I usually don't like to tweet or blog about Twitter. It seems too meta and there are plenty of experts out there who are happy to do it. This week, I thought I'd make an exception, though, and share three Twitter tools that I use extensively.
For me, Twitter is all about connections. It's about connecting me to readers who will be interested in my fiction, finding other writers who I can connect with and following experts in various fields that I can learn from. Managing my Twitter peeps (both people I follow and those who follow me) has gotten to be a much bigger task as those numbers have grown. Many Twitter users let their followers and friends get out of control and they have a plethora of spammers in the mix. I try to work diligently to keep this from happening.
1: Twitcleaner. I screen all new followers carefully. I look at their profiles, their tweetstream and often I check their website to see whether they're a real person or somebody trying to spam or sell me. I try to block all spammers and bots. Not only do I not want to follow them, I don't want them following me and artificially jacking up my follower count. Some undesirables fall through the cracks, though. Twitcleaner helps me sort them out. Not all people who pop up on a Twitcleaner report are junk followers, but I analyze each and every person who comes up on this report and decide whether I want to keep following them. For example, some people in the "nothing but links" category are just bots that I quickly block, but others are providing useful information in their links – and so I keep those around. While you're playing with Twitcleaner, be sure to check and see if you're on a Twitcleaner report and take the necessary steps to clean up your act
2: Friend or follow. This useful tool will help you see all the people who you follow who don't follow you back, those who follow you but you aren't following, and your mutual friends. There are lots of people that I follow without regard to whether they're following me back because they provide useful information.
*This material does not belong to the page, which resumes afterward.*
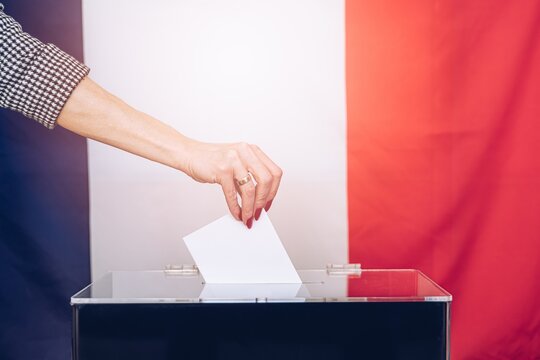 Ballot Voting. Politics Choice Election. Woman throwing his vote into the ballot box.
In fact, at this moment, there are 250 of them. How you use Friend or Follow depends largely on how you want to use Twitter, but there are useful ways of sorting your peeps such as "number of followers" or "date last tweet." Note that sometimes the sorting doesn't work properly, so keep that in mind as you're sifting and sorting your peeps.
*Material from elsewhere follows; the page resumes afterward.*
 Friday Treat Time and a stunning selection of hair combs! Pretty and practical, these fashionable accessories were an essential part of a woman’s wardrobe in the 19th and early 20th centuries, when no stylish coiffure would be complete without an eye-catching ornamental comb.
3: Untweeps. Twitcleaner will pop up a list of your peeps who haven't tweeted in over a month. I can easily envision somebody taking a long vacation or having a personal crisis and not tweeting in a month. I like to give people a longer window before calling them "inactive." With Untweeps, you can specify your own timeframe – I typically use 90 days. Peeps who come up on this list, I will typically block so that we stop following each other, then I unblock them in case they decide to return to Twitter down the road. Again, I do this so that my follower and following lists aren't artificially padded with inactive users. Note that Untweeps analyzes only people who you are following. For extra credit, you can use "Your Tweeter Karma" to get a list of all people who follow you (who you don't necessarily follow) who are inactive.